“My brothers and sisters, believers in our glorious Lord Jesus Christ must not show favoritism. Suppose a man comes into your meeting wearing a gold ring and fine clothes, and a poor man in filthy old clothes also comes in. If you show special attention to the man wearing fine clothes and say, “Here’s a good seat for you,” but say to the poor man, “You stand there” or “Sit on the floor by my feet,” have you not discriminated among yourselves and become judges with evil thoughts?” James 2: 1-4 NIV
James reminds us that we are meant as gospel people to be with those at the edges and the bottom, we are not to be friends to the oppressors, but to the oppressed. We serve an upside down kingdom, where the first shall be last and the last first. As followers of Christ, therefore, we should always be on the side of the voiceless and the suppressed, with those who are discriminated against, whether for the colour of their skin, their indigenous identity, their gender, their sexuality, or for any other reason.
I remember Archbishop Desmond Tutu telling of what it was like to come to England when he was a banned person in South Africa, to take refuge from the regime of Apartheid. He and his wife would go up to police officers in London over and over just for the pure thrill of being called “Sir” and “Madam.” That makes me proud. It also makes me a little sad as racism once again seems to be on the rise in this country. There should never be any question of which “side” we are on with these issues of love and hate. Love must always be our guide, and God’s love is never exclusive, so nor should ours be. It is for everyone.
The church should always be such a refuge, where people can come to be valued when they are not valued or esteemed anywhere else. Homeless people ought to be treated like kings and the well-off or well-known free to serve and relieved of any great expectations other than being themselves.

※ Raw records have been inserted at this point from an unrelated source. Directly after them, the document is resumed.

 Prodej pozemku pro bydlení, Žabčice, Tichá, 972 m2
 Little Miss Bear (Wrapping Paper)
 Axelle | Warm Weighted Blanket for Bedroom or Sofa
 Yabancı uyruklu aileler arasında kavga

Judgement for any reason, maybe especially for the outer appearance, or the obvious things like wealth and gender, is simply not part of who we are, nor should we need, in church, or in any realm of Christian life, to suffer it. We are called to serve one another, not to look one another up and down, and no-one should ever feel the pain of racism, sexism or ableism, homophobia or the sting of anyone else’s pride or self-righteousness. As Paul also teaches us, we are one body and each part should be honoured equally, and more care and attention paid to those parts which are reviled by the world.